Based on your **fine-tuned LLaMA 3 and Mistral 7B outputs**, training logs, and response comparisons — here's a detailed, professional recommendation:

---

### ✅ **Overall Recommendation: Which Model Performed Better?**

**🏆 Winner: Mistral 7B** — for FAQ-style banking chatbot applications.

---

### 🔍 **Summary of Evaluation**

| Factor                       | Verdict                                                                                                                                                   |
| ---------------------------- | --------------------------------------------------------------------------------------------------------------------------------------------------------- |
| **Training Loss**            | **LLaMA had lower final training loss (\~1.49)** vs Mistral (\~1.78), indicating slightly better convergence.                                             |
| **Response Quality**         | **Mistral’s responses were more concise, focused, and directly aligned** with the actual FAQ answers. LLaMA often added extra (and sometimes vague) info. |
| **Factual Accuracy**         | **Mistral stuck closer to ground truth**, avoiding hallucinations. LLaMA included broad financial explanations, not always needed.                        |
| **Answer Structure**         | Mistral gave clean step-wise or bullet answers. LLaMA responses were long-winded, occasionally rambling.                                                  |
| **General Language Fluency** | **LLaMA is slightly more fluent**, friendly, and human-like.
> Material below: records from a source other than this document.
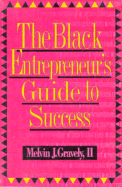 The Black Entrepreneur's Guide to Success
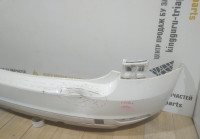 Бампер задний бу Skoda Yeti рестайлинг OEM 5L6807421D (В)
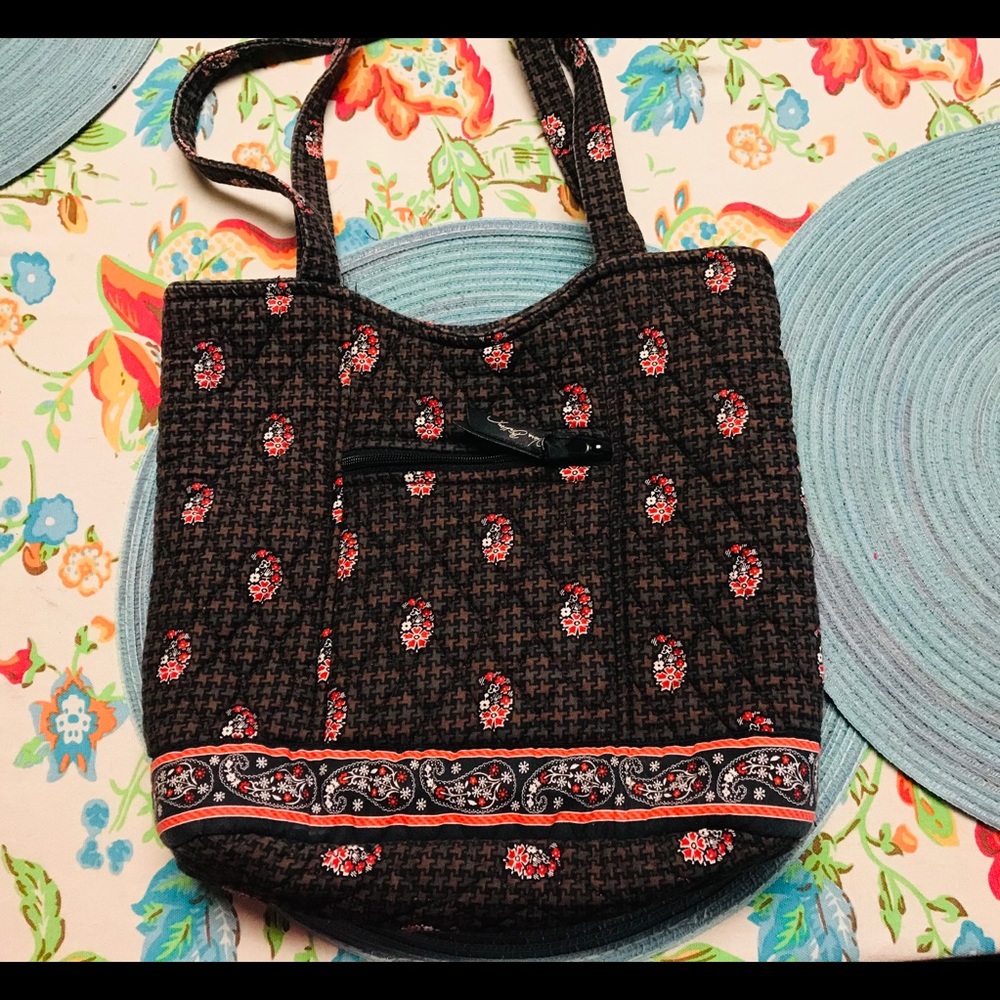 Vera Bradley bag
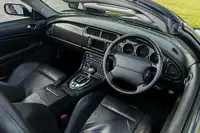 2004 Jaguar XKR Carbon Edition-Sold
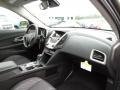 Tungsten Metallic - Equinox LS AWD Photo No. 5
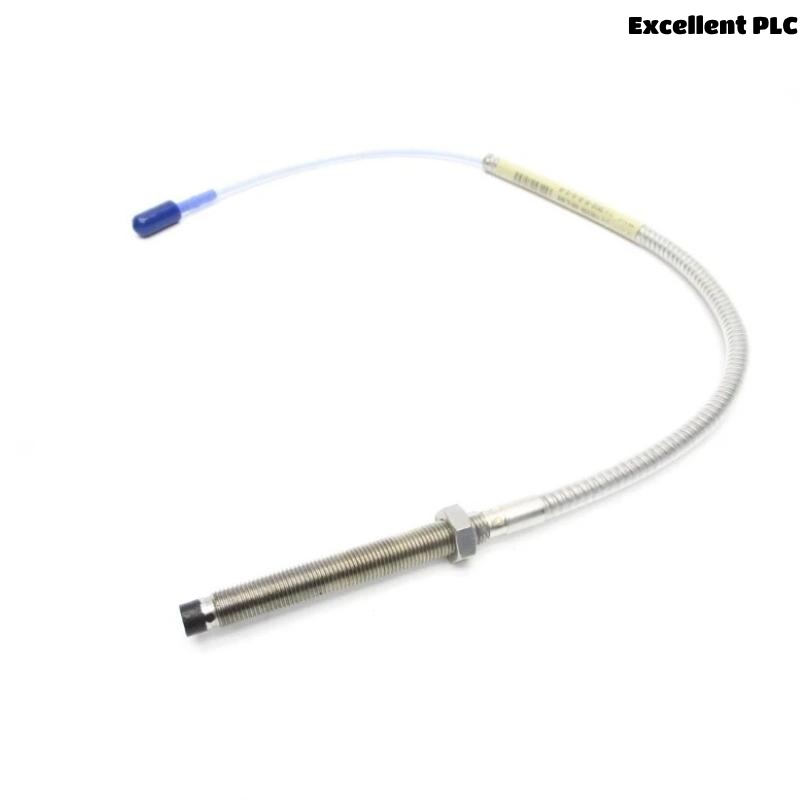 Bently Nevada 330102-00-40-10-11-00 3300 XL 8 mm Proximity Probe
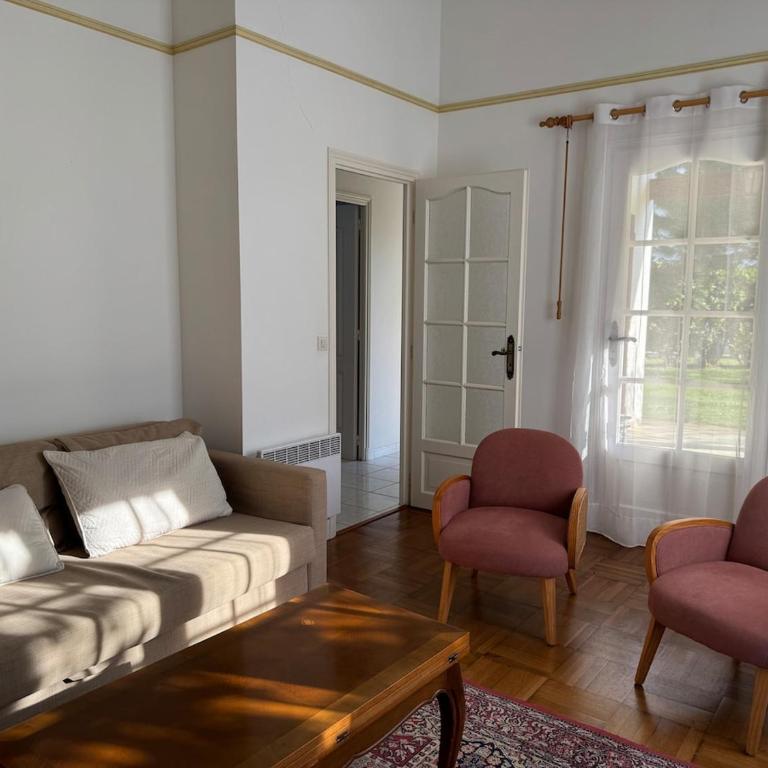 La Casita, à 10 minutes de la plage - Appartement 2 Chambres - 9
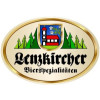 Familienbrauerei Rogg (Lenzkircher) logo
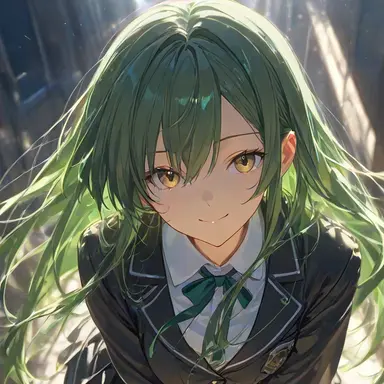 Profile image of 椿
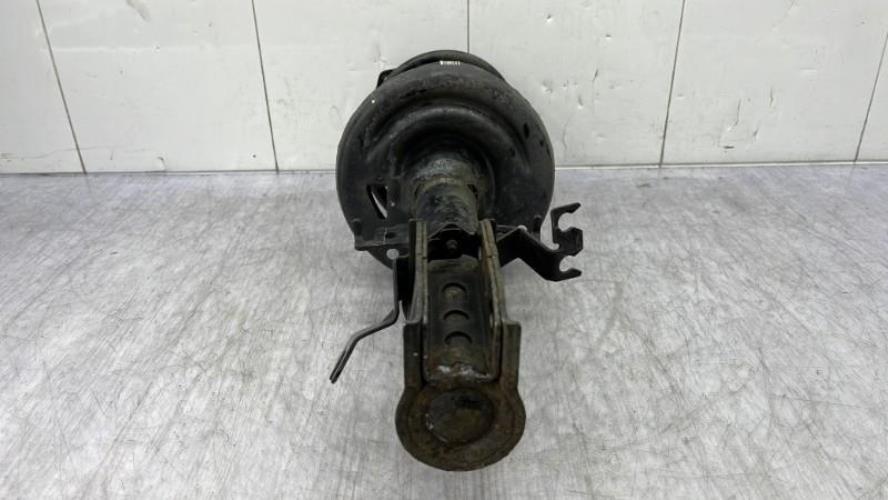 Amortisseur avant gauche RENAULT SCENIC 3 PHASE 3 Diesel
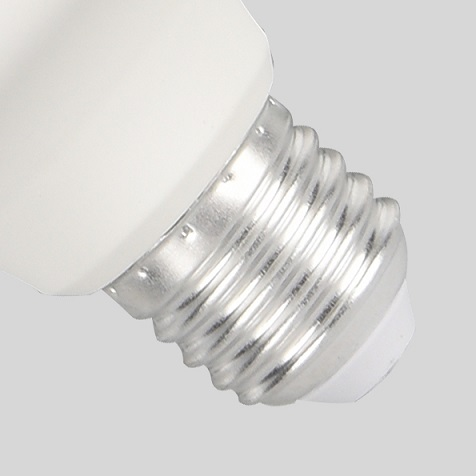 Ra80 6500K E27 9W A60 Outdoor Light Bulbs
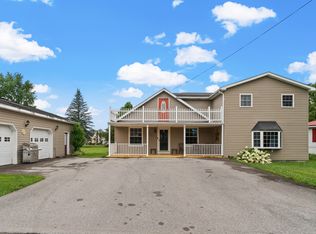 408 Polk St, Clearfield, PA 16830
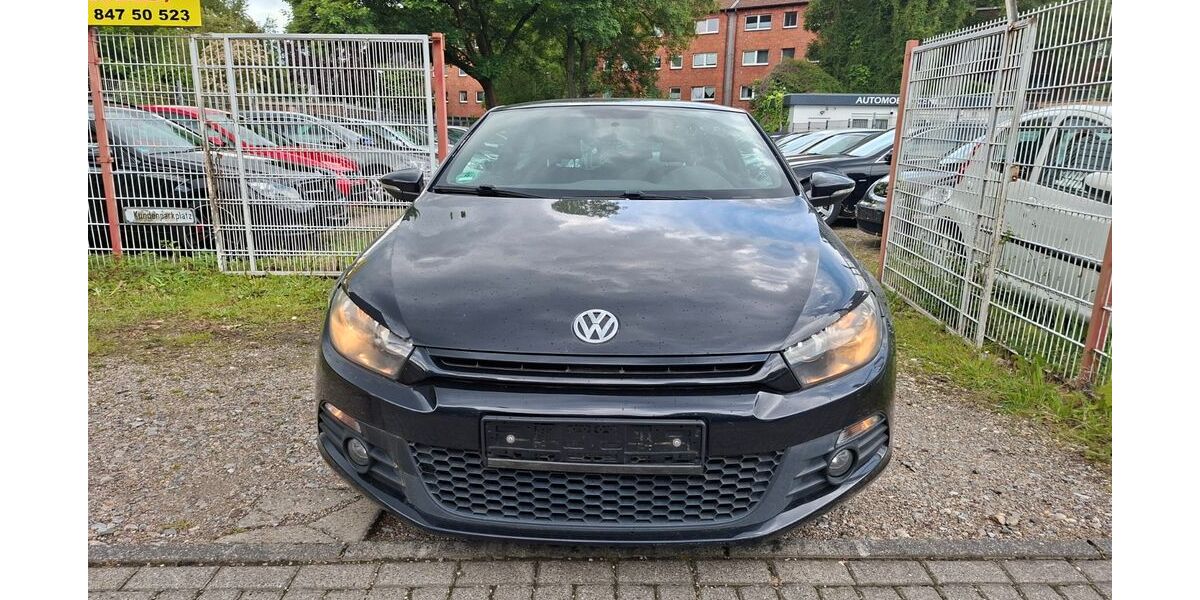 VW Scirocco 159.900 km 5.299 &euro; Oberhausen 46149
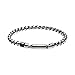 Produktbild Emporio Armani Heritage Armbänder One Size Silber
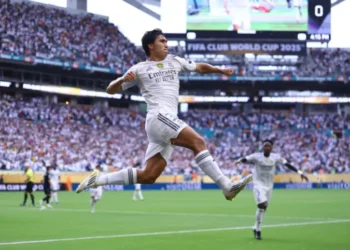 5 نجوم صاعدين سطعوا في كأس العالم للأندية 2025
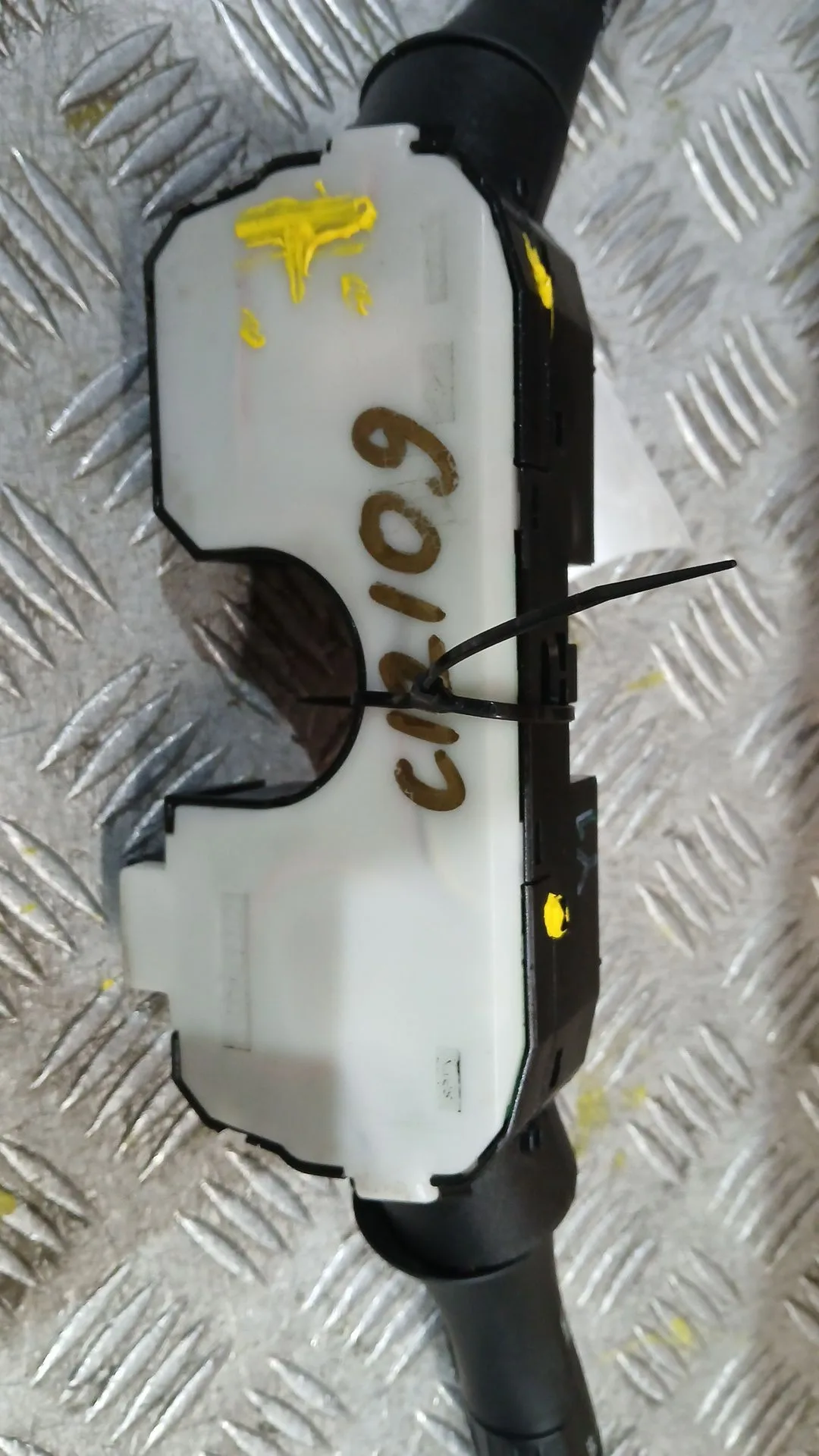Mando Multifuncion para Nissan Juke (F15)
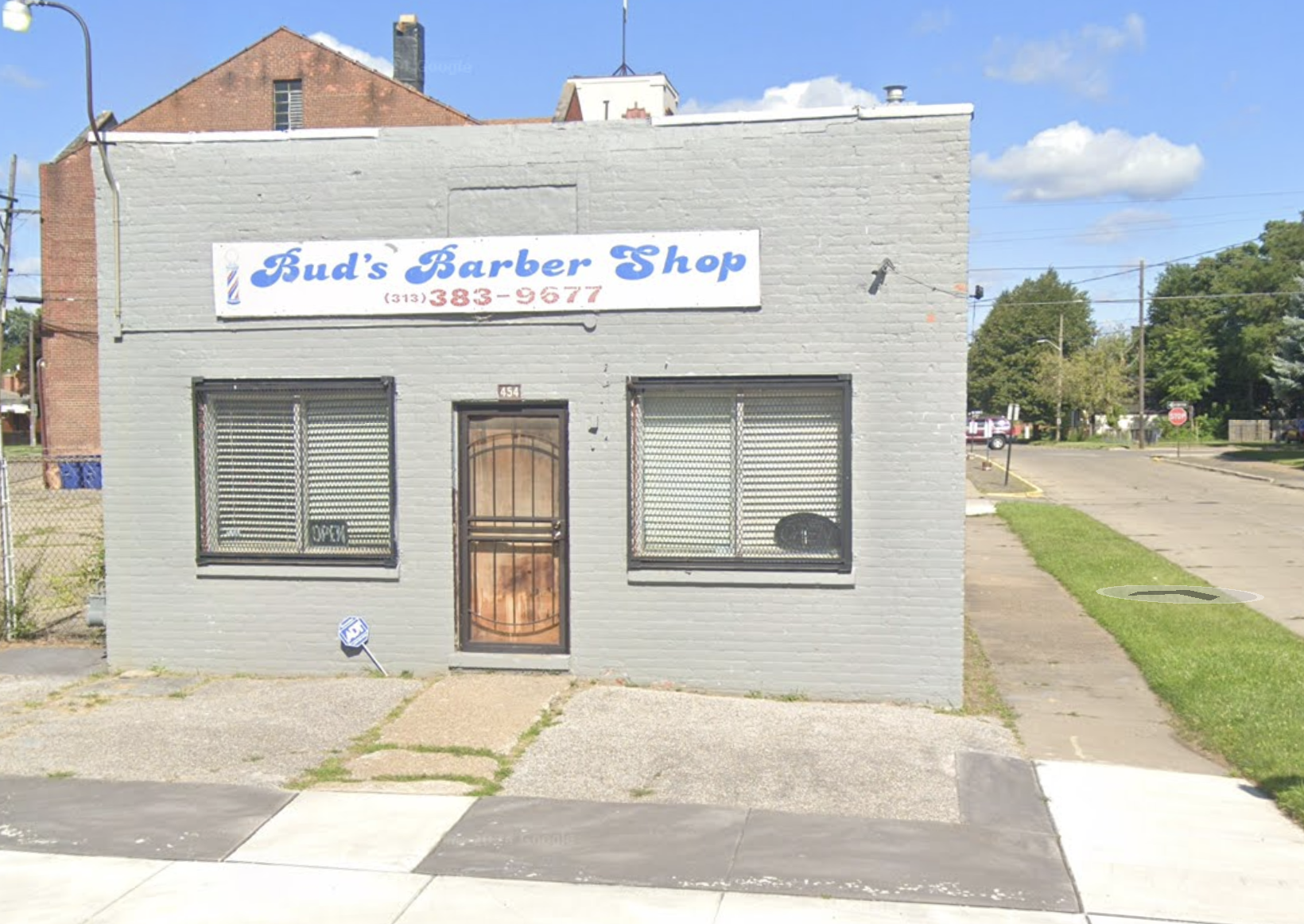 Buds Barber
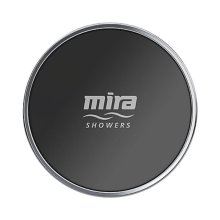 Mira Platinum Wireless Remote Control Accessory On/Off Button – Black (2.1903.020)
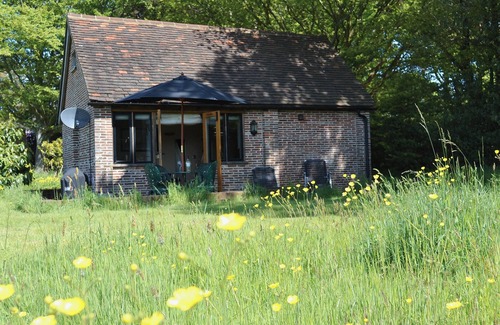 Blackboys Cottage | Hébergement 1 chambre à Blackboys, près de Uckfield
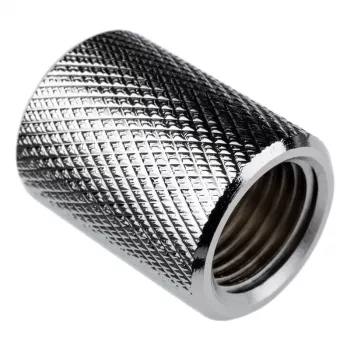 Armatūra Alphacool 17047 misiņa hroms 22mm 1.7cm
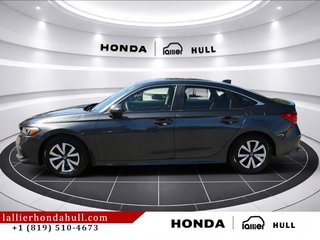 Honda Civic LX 2022 à Montréal, Québec - 2 - w320h240px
Great for assistant-style or general-purpose bots.                                           |
| **Domain-Specific Use Case** | Mistral clearly performed better in **narrow, factual domains like banking FAQs**.                                                                        |
| **Colab Compatibility**      | Both models trained fine on Colab, but **Mistral was more memory-efficient** and inference was faster.                                                    |

---

### 💡 **Final Use-Case Based Verdict**

| Use Case                           | Best Model     | Why                                                                                           |
| ---------------------------------- | -------------- | --------------------------------------------------------------------------------------------- |
| **Banking FAQ / Customer Support** | ✅ Mistral 7B   | Aligned better with structured answers, factual accuracy, and response conciseness.           |
| **General Chat / Help Assistant**  | ✅ LLaMA 3 (8B) | More verbose, polite, and expressive – good for open-ended queries and humanlike interaction. |

---

### 📌 What You Should Do

* ✅ **Use Mistral 7B** as your primary model for SupportGenie (FAQ Chatbot).
* ✅ **Keep LLaMA 3 as a fallback** for general or unexpected queries to add flexibility.
* 🧠 You can even **hybrid both**: Use Mistral for strict FAQ match, and route to LLaMA when response confidence is low or FAQ not found.